Segment Open

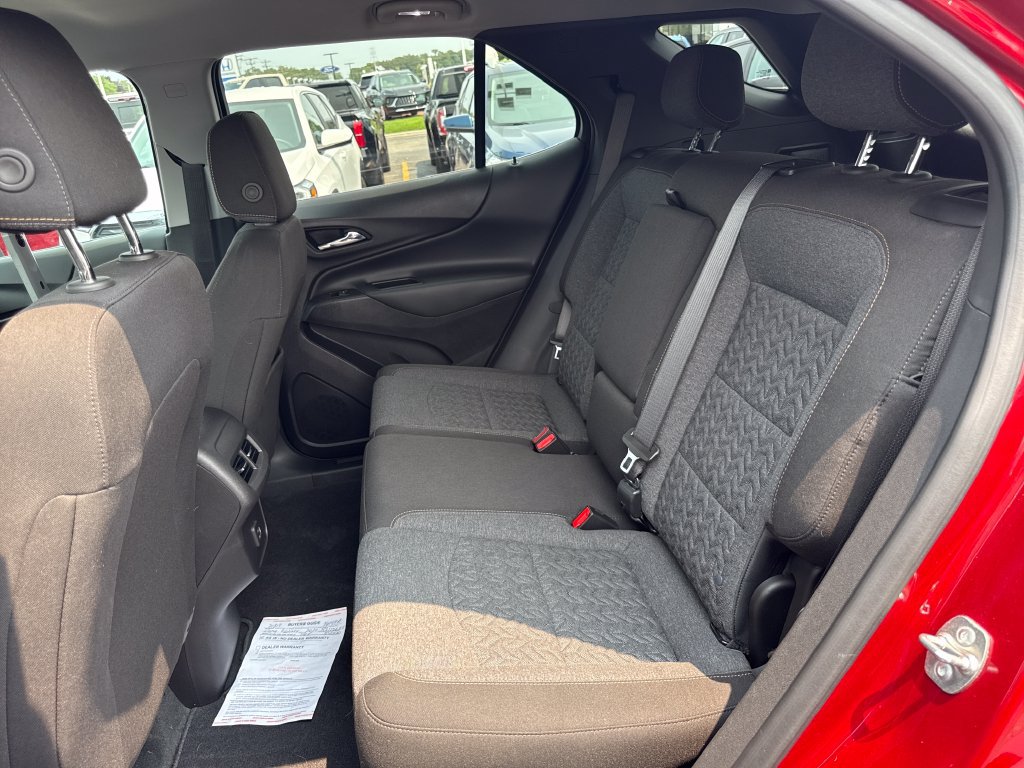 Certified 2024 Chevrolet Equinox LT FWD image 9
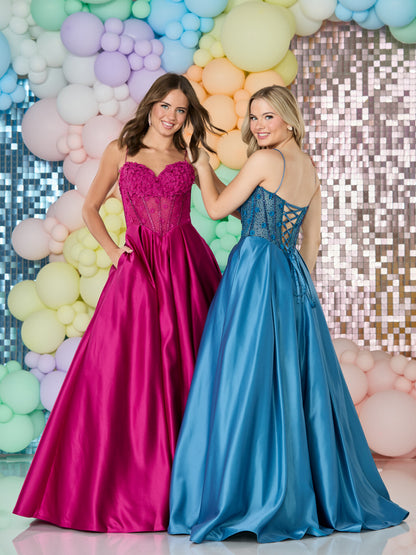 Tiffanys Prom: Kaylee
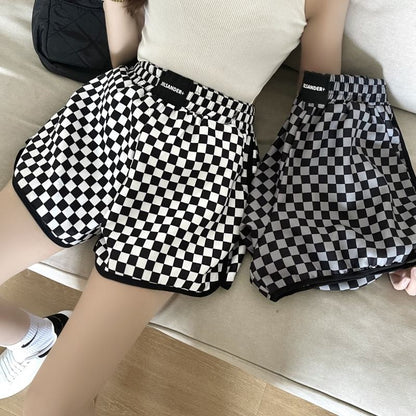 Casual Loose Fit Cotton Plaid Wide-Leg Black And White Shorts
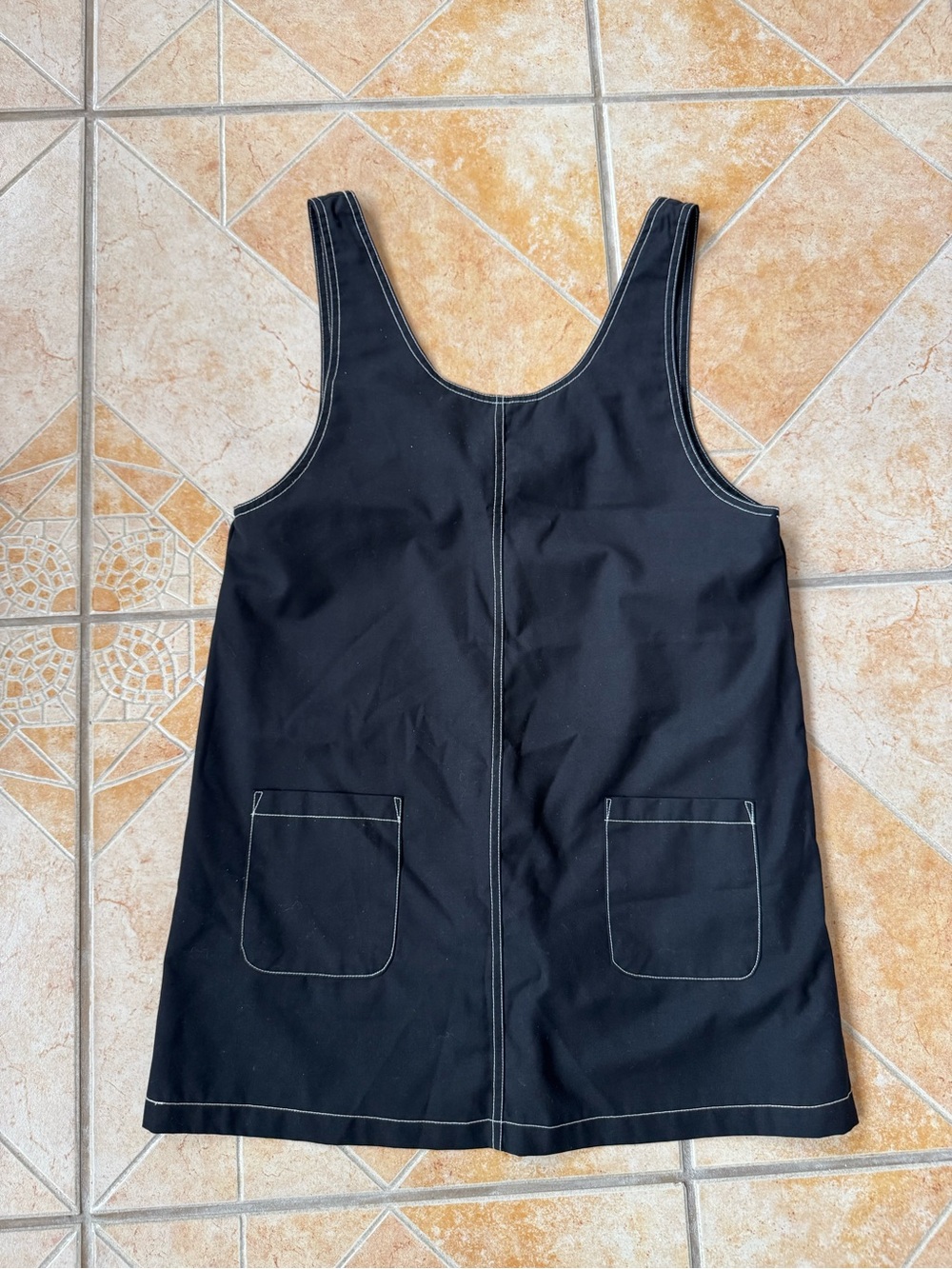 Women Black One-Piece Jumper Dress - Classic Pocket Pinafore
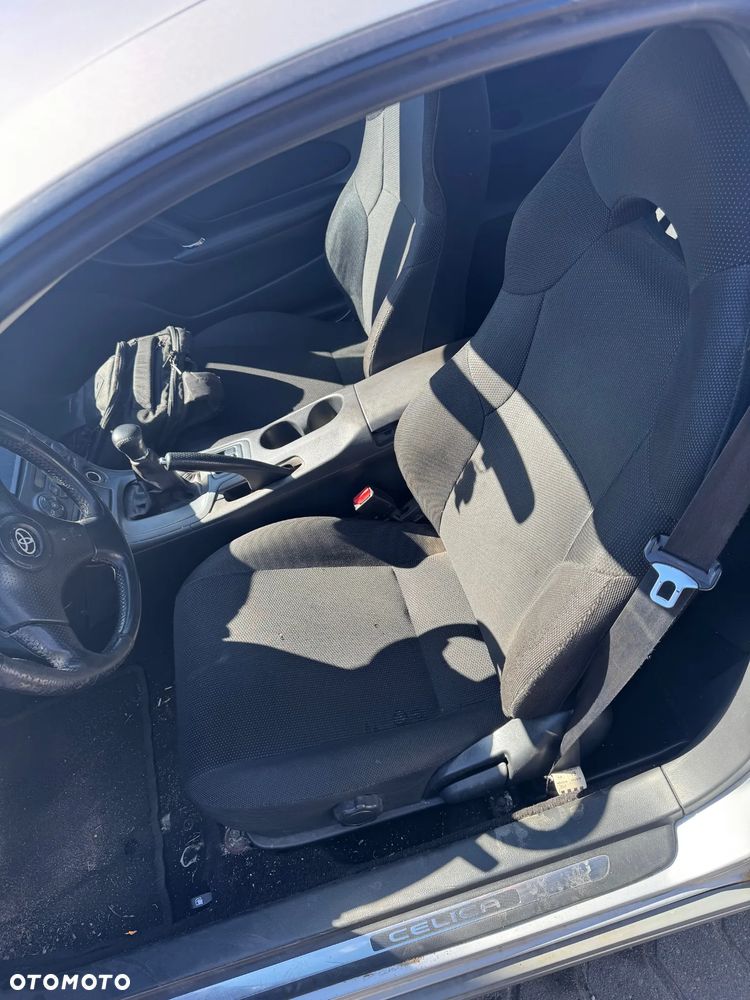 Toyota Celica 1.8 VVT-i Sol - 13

Segment Closed
Segment Open

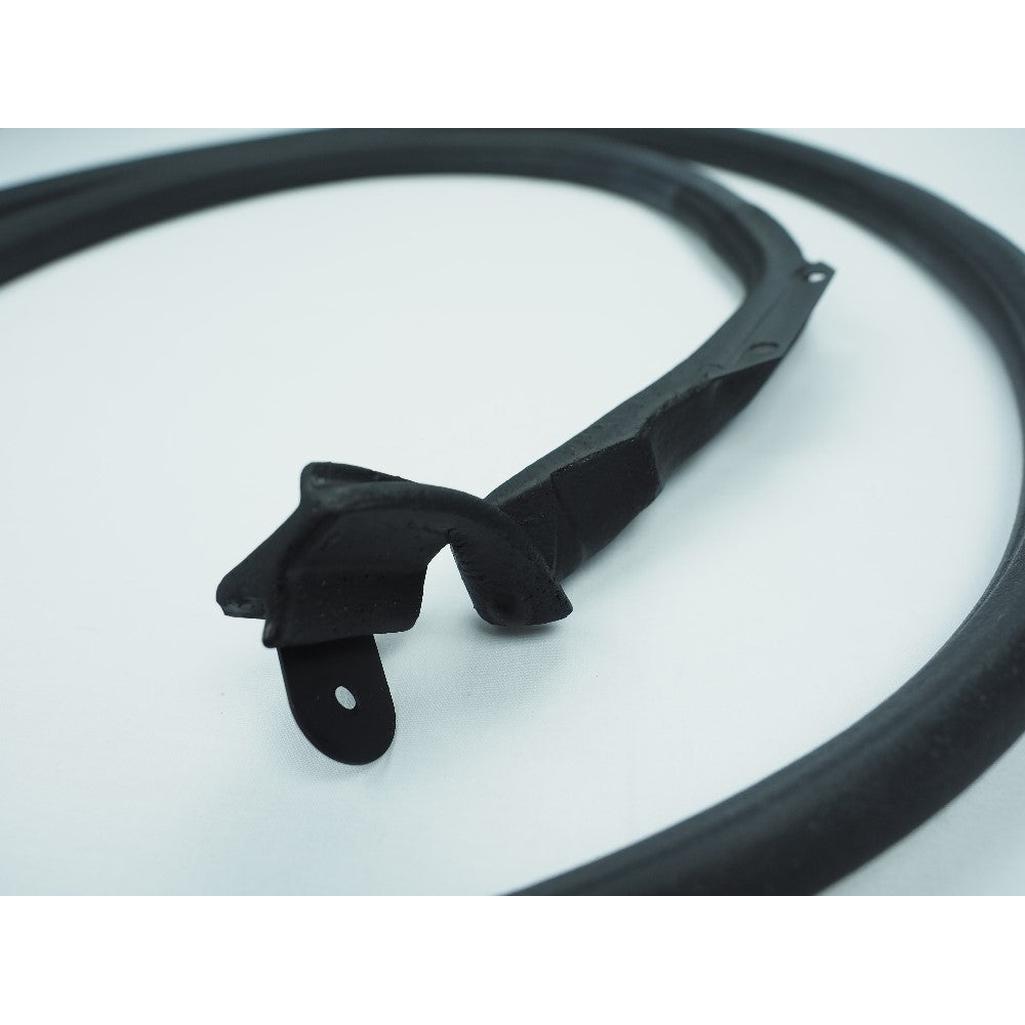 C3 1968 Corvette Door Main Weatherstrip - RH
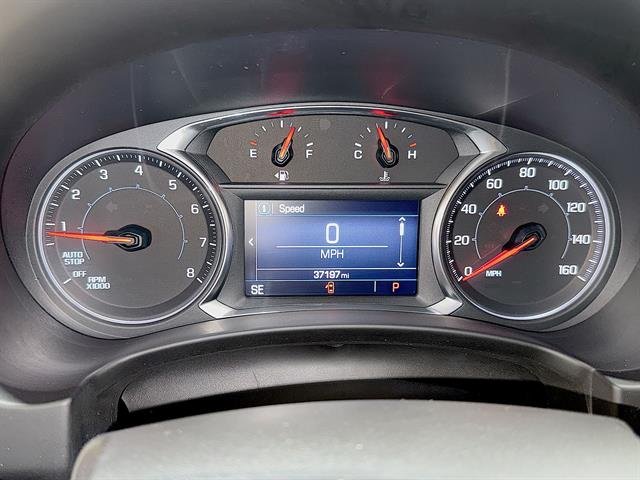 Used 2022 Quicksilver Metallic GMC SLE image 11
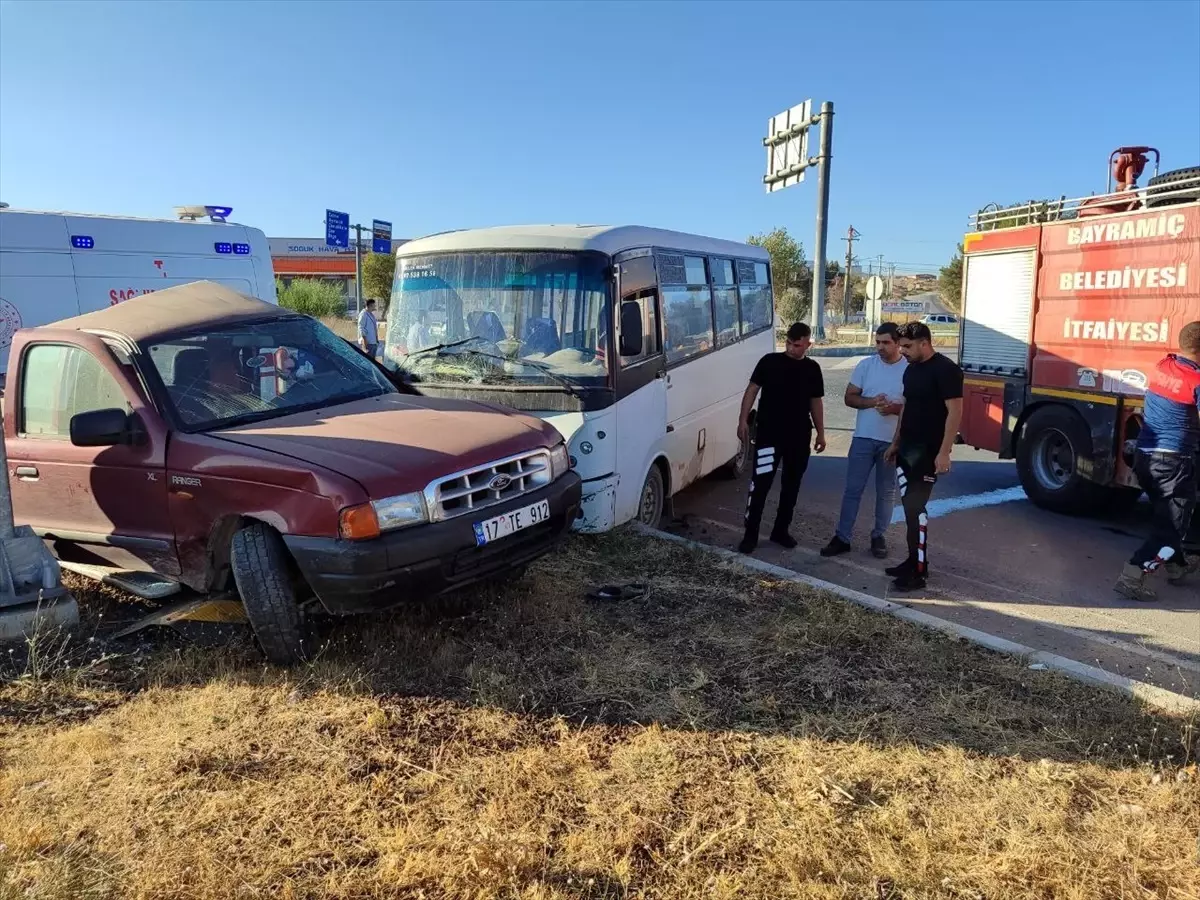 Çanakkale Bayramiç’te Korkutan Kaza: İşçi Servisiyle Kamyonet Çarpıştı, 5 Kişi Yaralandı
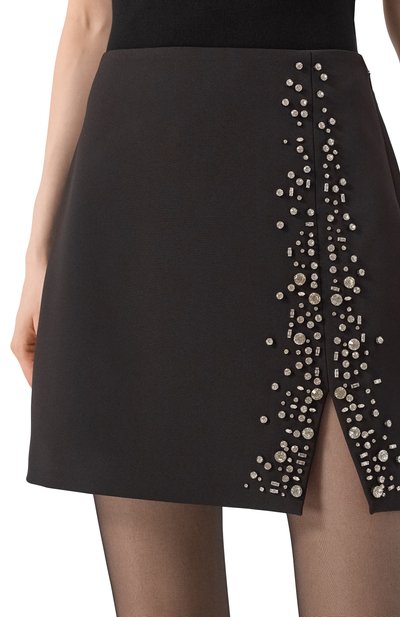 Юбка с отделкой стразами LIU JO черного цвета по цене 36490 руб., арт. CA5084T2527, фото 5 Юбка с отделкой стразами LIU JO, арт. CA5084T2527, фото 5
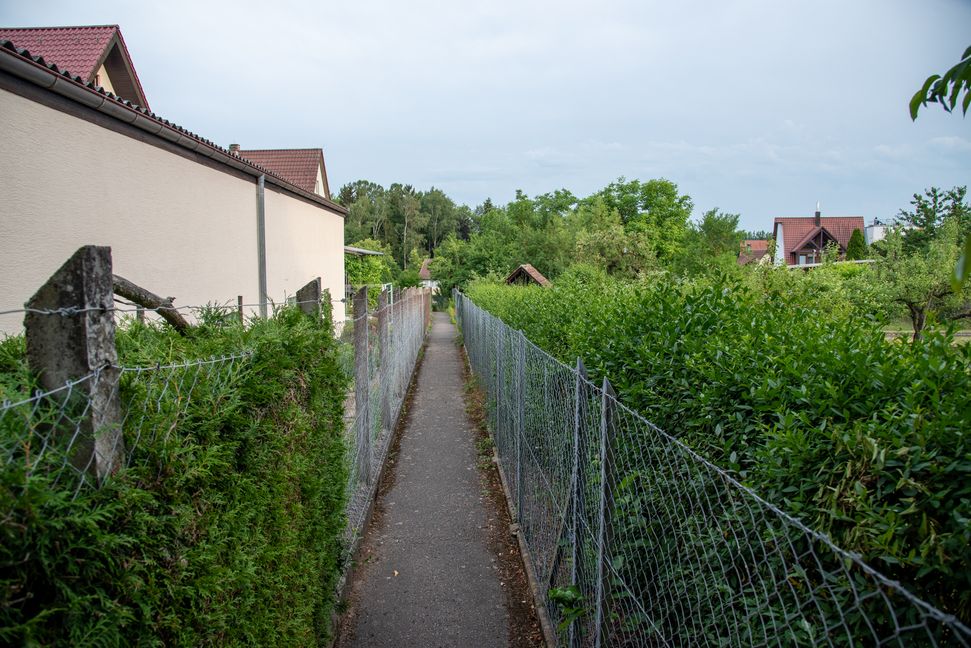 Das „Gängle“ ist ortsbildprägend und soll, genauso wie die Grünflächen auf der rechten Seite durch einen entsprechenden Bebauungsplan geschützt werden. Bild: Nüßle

Segment Closed
Segment Open

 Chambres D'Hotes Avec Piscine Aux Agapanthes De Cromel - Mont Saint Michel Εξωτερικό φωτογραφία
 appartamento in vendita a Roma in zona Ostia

Segment Closed

**EXERCISE DESCRIPTION:**
From the records above, quote word for word only the lines beginning at the line that has "Юбка с отделкой стразами LIU JO черного" and stopping after the line that has "werden. Bild: Nüßle". Omit the pictures.

**RESULT OF THE TASK:**
 Юбка с отделкой стразами LIU JO черного цвета по цене 36490 руб., арт. CA5084T2527, фото 5 Юбка с отделкой стразами LIU JO, арт. CA5084T2527, фото 5
 Das „Gängle“ ist ortsbildprägend und soll, genauso wie die Grünflächen auf der rechten Seite durch einen entsprechenden Bebauungsplan geschützt werden. Bild: Nüßle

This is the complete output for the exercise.